On January 31, the Registrar of the Good Shepherd Major Seminary announced the release of two other seminarians and appealed, “Kindly continue to pray for the remaining one and all those who are still in the hands of Kidnappers.”
Announcing the murder of Michael by his abductors, Bishop Kukah of Sokoto said Michael “and the wife of a doctor were arbitrarily separated from the group and killed.”
“Michael Nnadi is Igbo-Biafran by origin. Chances are that his murder is not unconnected to the ethnic profiling and cleansing,” a source from Nigeria told ACI Africa February 5.
A source in Nigeria recently told ACI Africa that the abductions and selected murders are being perpetrated by “a state-funded movement called: The Movement for Oneness and Jihad in West Africa (MOJWAS).”
According to the source, MOJWAS has members “spread across West Africa – from central Mali, moving towards Nigeria, via Niger Republic with a strong alliance from some people and the Tillaberi region of Niger Republic.

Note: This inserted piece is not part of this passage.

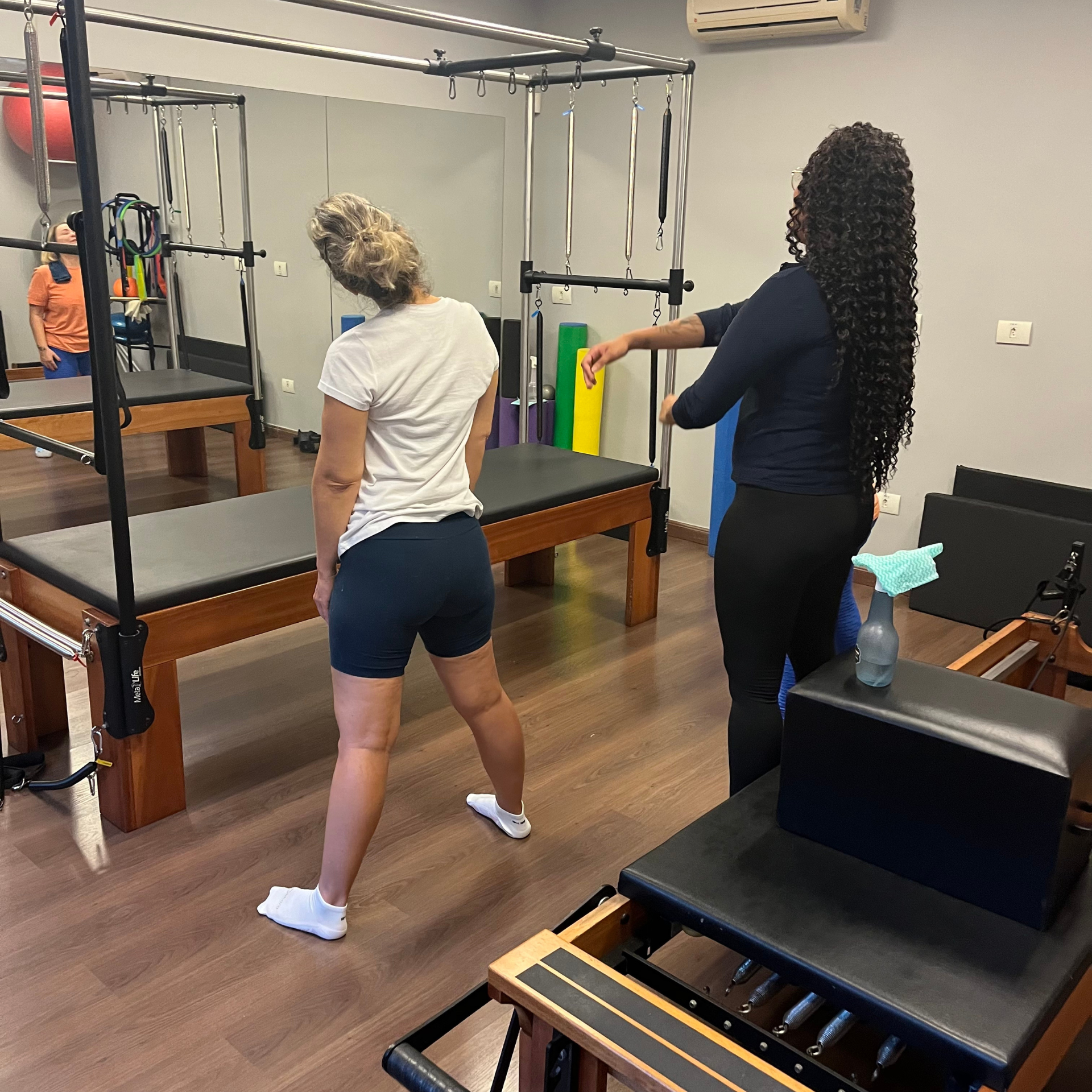 Duas mulheres estão fazendo pilates em uma academia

They are active in the Chad basin and joined Boko Haram and extend to the select and 3R groups in Central Africa Republic CAR.”
The agenda of MOJWAS, the source said, “is to conquer the rich river basin of the Benue valley for both economic and religious reasons.”
“Brothers and sisters let us rise and begin to talk,” the source told ACI Africa and added in reference to the Federal Government of Nigeria and the various States, “We must begin to engage this government at all levels now!”